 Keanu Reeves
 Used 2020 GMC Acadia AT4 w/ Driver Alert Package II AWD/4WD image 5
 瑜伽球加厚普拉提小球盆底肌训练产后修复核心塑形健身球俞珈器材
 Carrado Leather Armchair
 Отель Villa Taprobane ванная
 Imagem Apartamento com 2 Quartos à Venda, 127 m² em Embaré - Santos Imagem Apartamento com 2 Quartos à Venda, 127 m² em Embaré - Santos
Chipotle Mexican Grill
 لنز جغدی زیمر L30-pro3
■ ■ ■ ■ ■
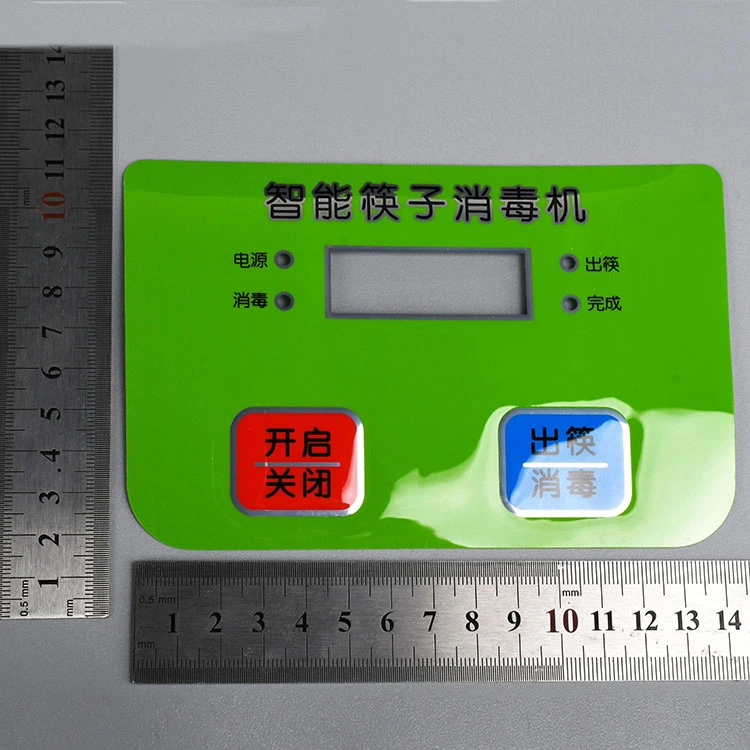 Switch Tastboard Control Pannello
■ ■ ■ ■ ■
*Brief*: Word for word, restate the lines above from the line containing "Carrado Leather Armchair" through the line containing "لنز جغدی زیمر L30-pro3", with both included and nothing else.

*Exercise output*:
 Carrado Leather Armchair
 Отель Villa Taprobane ванная
 Imagem Apartamento com 2 Quartos à Venda, 127 m² em Embaré - Santos Imagem Apartamento com 2 Quartos à Venda, 127 m² em Embaré - Santos
Chipotle Mexican Grill
 لنز جغدی زیمر L30-pro3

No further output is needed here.